The Internet is constantly redefining today’s social world. Volumes could be written about the implications of simply pressing “”like”” on someone’s Facebook activity. Yet, a perhaps less-noticed but endlessly fascinating niche of the social net is Craigslist.org’s Missed Connections.
Never before has pouring your heart out to the anonymous world of the net been so simple or so local. But is this a good thing?
Posts vary, but the basic idea falls into one of these categories:
1 The Angry Breakup Rant: Broken hearts use Missed Connections to pledge their hatred of an ex to the infinite reaches of the Internet.
2 The Sighting: Someone is out in public, notices someone else and is struck by love/interest/attraction.
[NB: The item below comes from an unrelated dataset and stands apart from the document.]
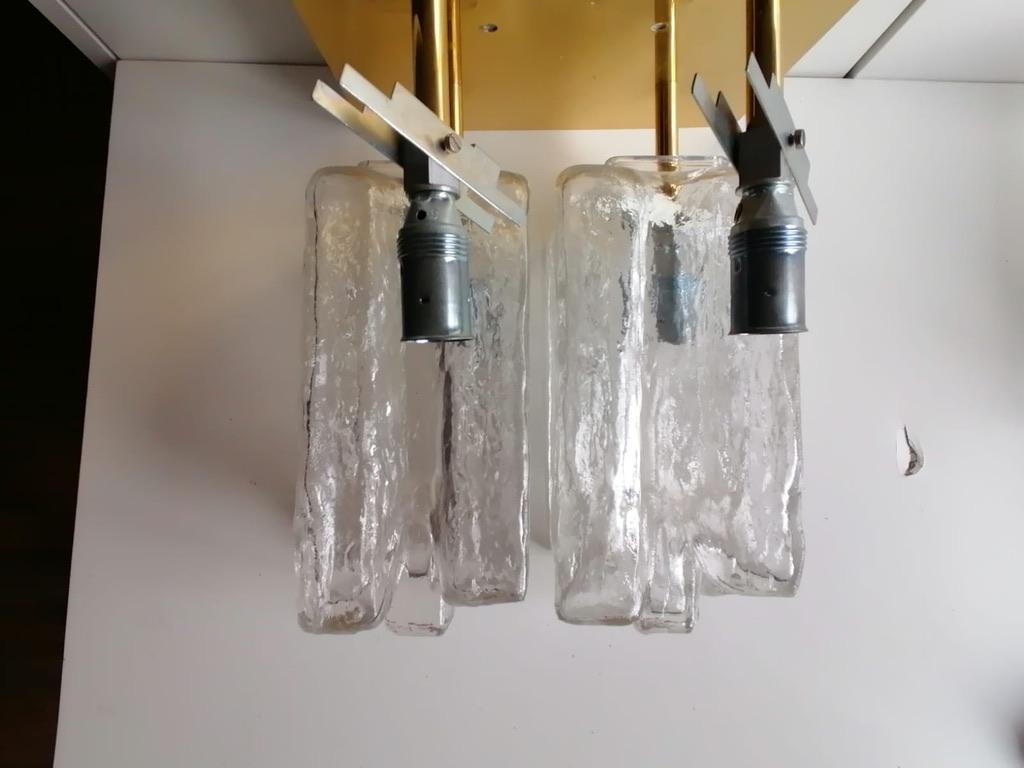 Autrichien Lustre encastré Kalmar Granada de style Granada en vente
This person hopes that this missed connection post will bring their infatuation out of anonymity.
3 The Reunion: A long-lost friend hopes to reunite through invoking someone’s name on Craigslist.
4 The Creepy Post: Usually involves someone posting about a person who they see every day or habitually. Users likely figure that Craiglist is a place to proclaim their love/curiosities/confessionals about said person without them finding out.
Missed Connections takes something completely common — losing something you never knew you had — and gives it an amplified volume beyond its mundane reality.
This phenomenon isn’t something barely used or obscure. Take a look on Tucson Craigslist, and you’ll see daily messages fighting the specter of lost opportunity in your own town. There might even be one about you.
What does it all mean? For some, something fun to read. For others? Perhaps a chance at the ever-elusive and mythical “”true love.”” Or maybe a horrifyingly awkward realization.
Missed Connections adds another method of expression to the already seemingly exhausted list. Anonymity is a powerful thing, but if the intended audience doesn’t read Craigslist, what’s the point? Perhaps this enables people to be overly dramatic or too shy. Or maybe these posts are a new form of courtship.
But maybe Missed Connections isn’t such a bad thing. It’s definitely a hilarious read, despite being another way to make us feel way too important about ourselves.